Filters take some combination of frames and data (string, int, bool) and return a single frame result.
The vidformer project uses Python-style arguments, allowing ordered and named arguments (*args
and **kwargs
style).
To do this we define a new filter class and host it:
import vidformer as vf
import cv2
class MyFilter(vf.UDF):
def filter(self, frame: vf.UDFFrame, name: str):
"""Return the result frame."""
text = f"Hello, {name}!"
image = frame.data().copy()
cv2.putText(
image,
text,
(100,100),
cv2.FONT_HERSHEY_SIMPLEX,
1,
(255, 0, 0),
1,
)
return vf.UDFFrame(image, frame.frame_type())
def filter_type(self, frame: vf.UDFFrameType, _name: str):
"""Returns the type of the output frame."""
return frame
mf_udf = MyFilter("MyFilter") # name used for pretty printing
my_filter = mf_udf.into_filter() # host the UDF in a subprocess, returns a vf.Filter
Now we can use our newly-created filter in specs: my_filter(some_frame, "vidformer")
.
There is a catch, UDFs currently only support rgb24
pixel formats.
So invoking my_filter
will need to convert around this:
scale = vf.Filter('Scale')
def render(t, i):
f = scale(tos[t], pix_fmt="rgb24", width=1280, height=720)
f = my_filter(f, "world")
f = scale(f, pix_fmt="yuv420p", width=1280, height=720)
return f
Roadmap
An unordered list of potential future features:
-
v3 API
- Supporting compression, deep recursion, deduplication, and artifact uploads
-
Full GPU Acceleration
-
WebAssembly user defined filters
FAQ
What video formats does vidformer support?

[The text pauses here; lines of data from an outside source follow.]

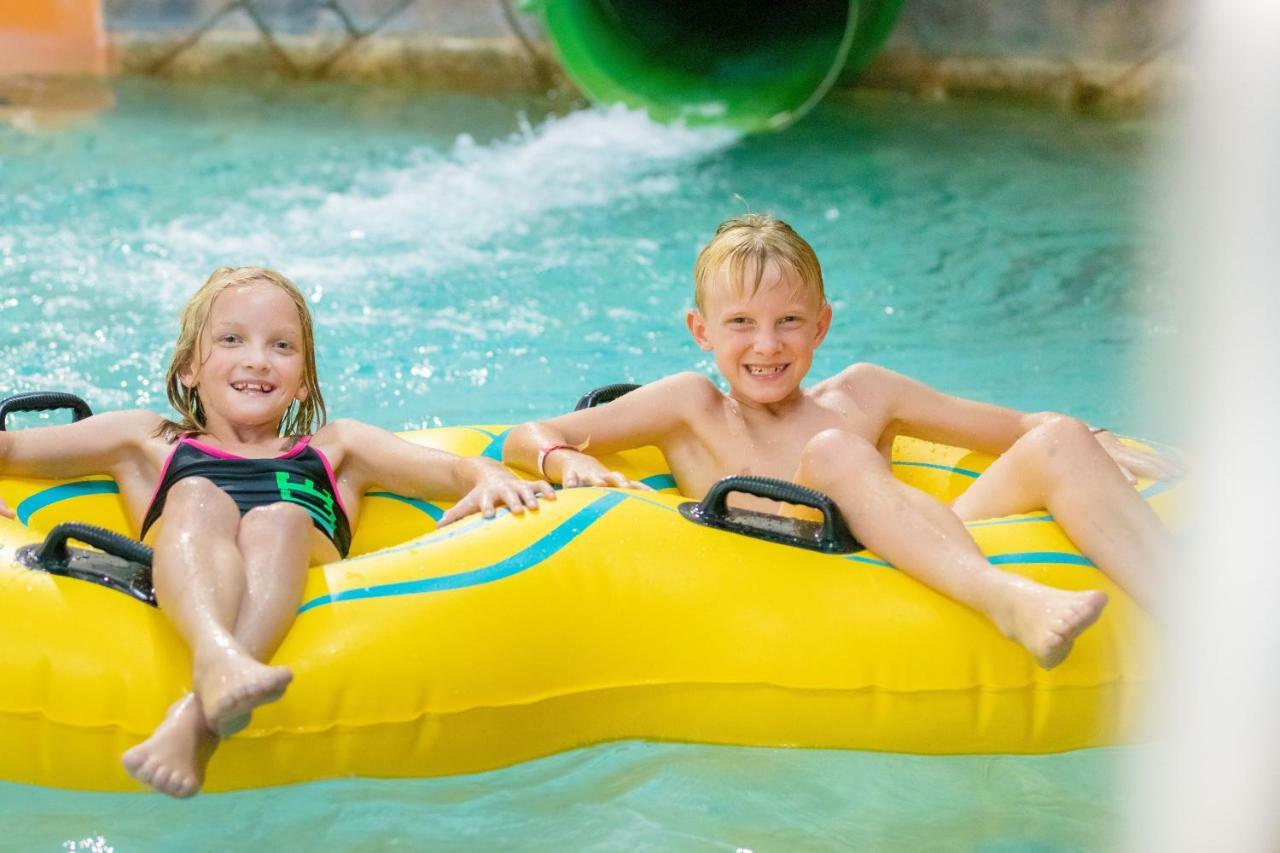 Hope & Indoor Waterpark 4* Cortland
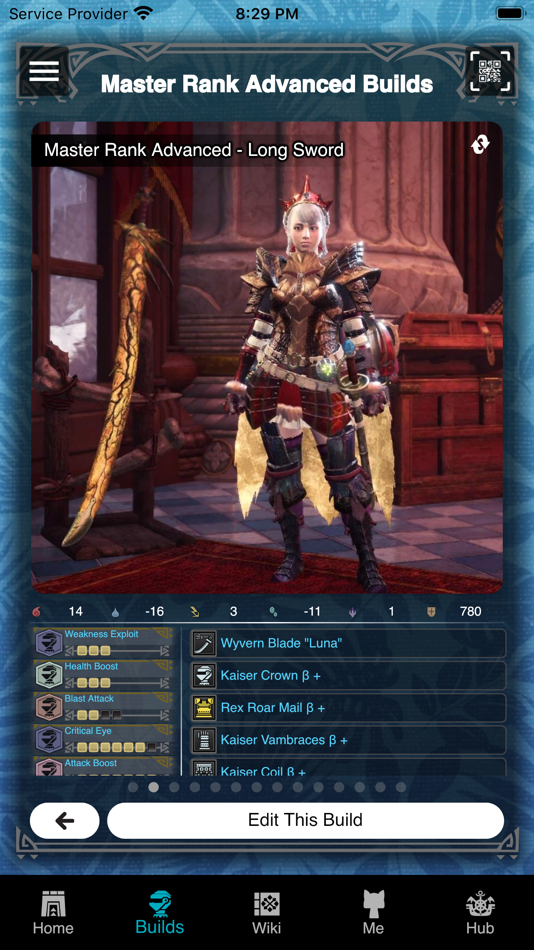 #2. GameCat: MHW (iOS) Podle: 九思 李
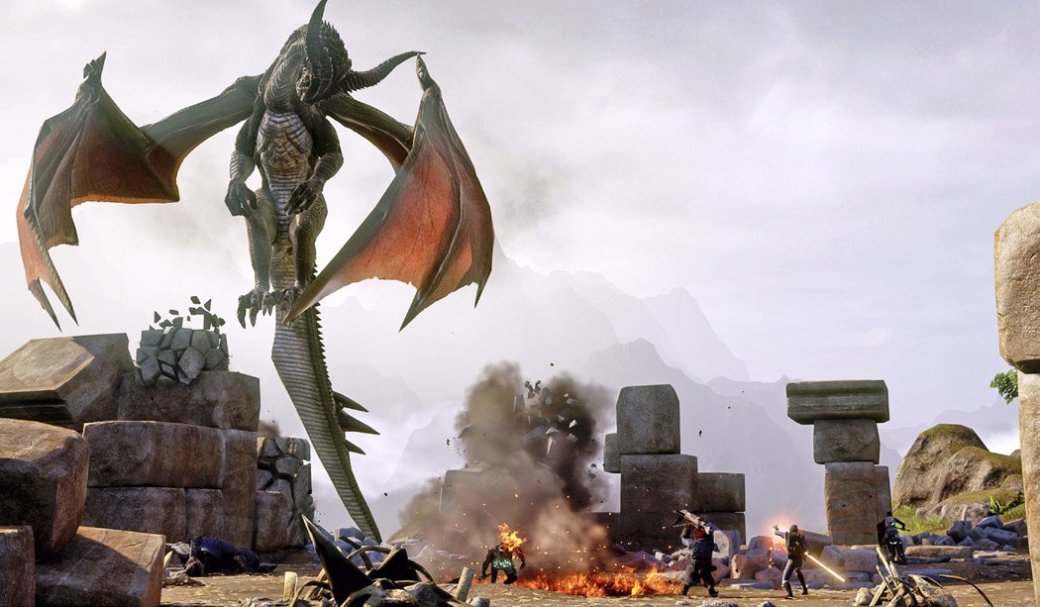 Dragon Age: Inquisition — Информация из журнала GameStar (Обновлено) - Изображение 9 Dragon Age: Inquisition — Информация из журнала GameStar (Обновлено) - Изображение 9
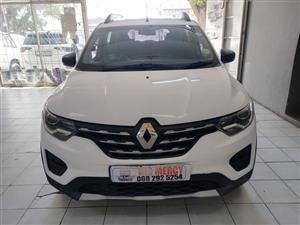 2022 RENAULT TRIBER 2.2 7SEATER MANUAL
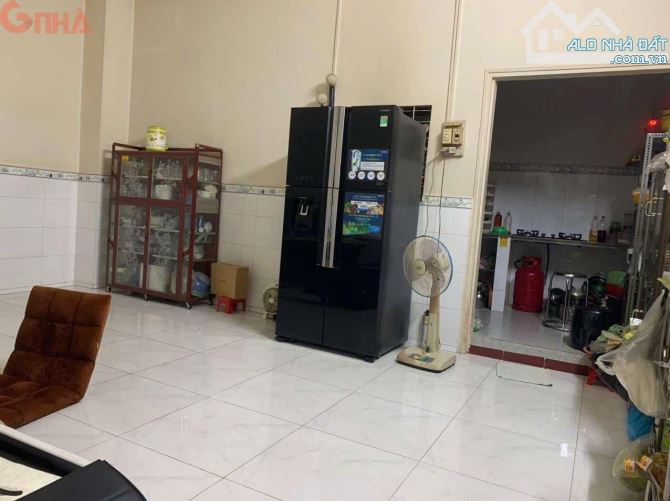 BÁN NHÀ RẺ GV HẺM THÔNG – 2 LẦU – 5*16M, NGUYỄN OANH GIÁ GIẢM 7,8 TỶ - 2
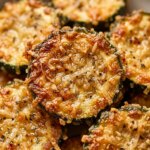 Crispy Air Fryer Parmesan Zucchini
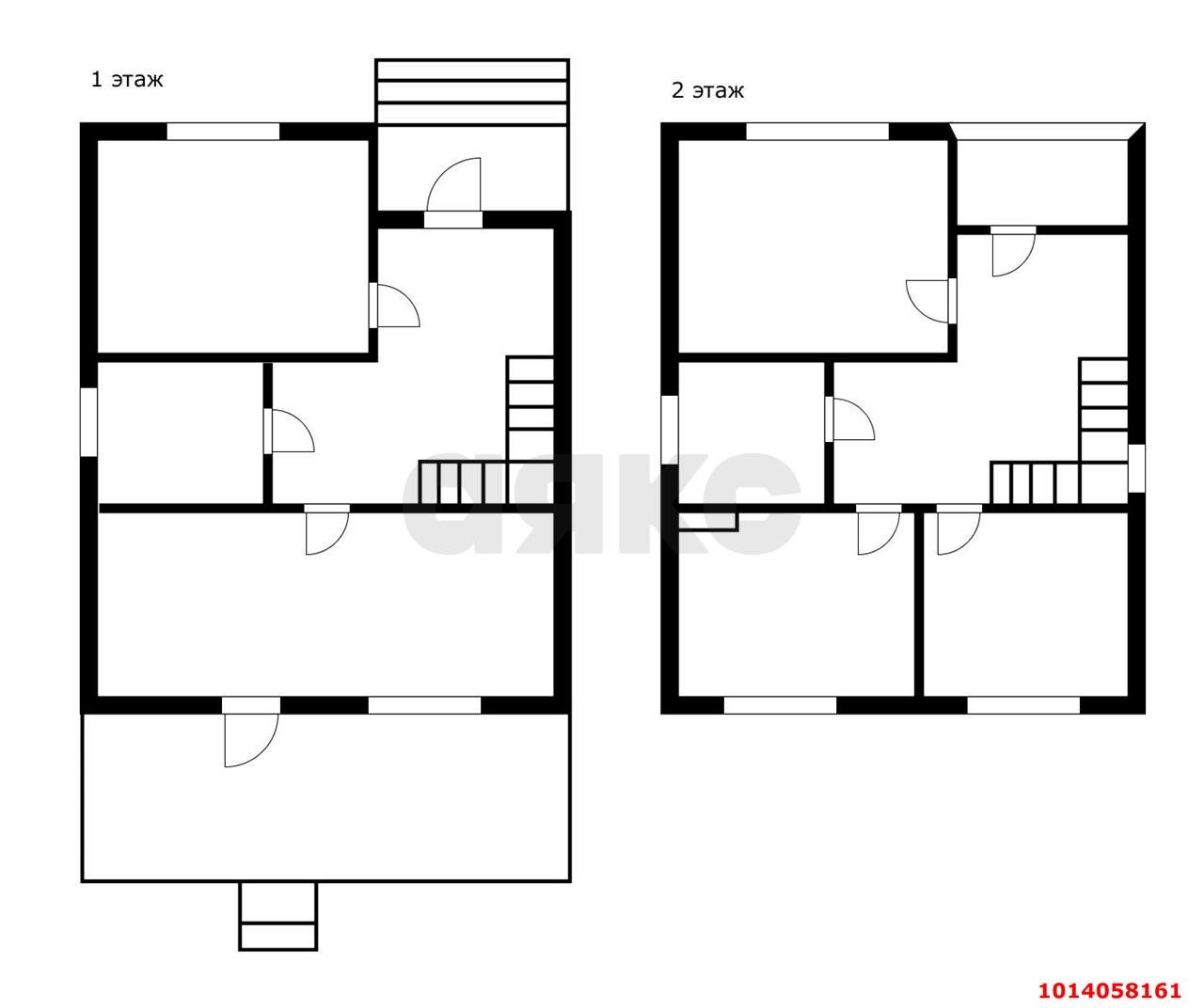 Фото №14: Дом 190 м² + 4 сот. - отделения № 3 СКЗНИИСиВ, коттеджный  Малиновка, ул. имени Героя Анощенкова, 24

In short, essentially everything. vidformer uses the FFmpeg/libav* libraries internally, so any media FFmpeg works with should work in vidformer as well. We support many container formats (e.g., mp4, mov) and codecs (e.g., H.264, VP8).
A full list of supported codecs enabled in a vidformer build can be found by running:
vidformer-cli codecs
Can I access remote videos on the internet?
Yes, vidformer uses Apache OpenDAL for I/O, so most common data/storage access protocols are supported. However, not all storage services are enabled in distributed binaries. We guarantee that HTTP, S3, and the local filesystem are always available.
How does vidformer compare to FFmpeg?
vidformer is far more expressive than the FFmpeg filter interface. Mainly, vidformer is designed for work around data, so edits are created programatically and edits can reference data. Also, vidformer enables serving resut videos on demand.
vidformer uses the FFmpeg/libav* libraries internally, so any media FFmpeg works with should also work in vidformer.
How does vidformer compare to OpenCV/cv2?
vidformer orchestrates data movment in video synthesis tasks, but does not implement image processing directly. Most use cases will still use OpenCV for this.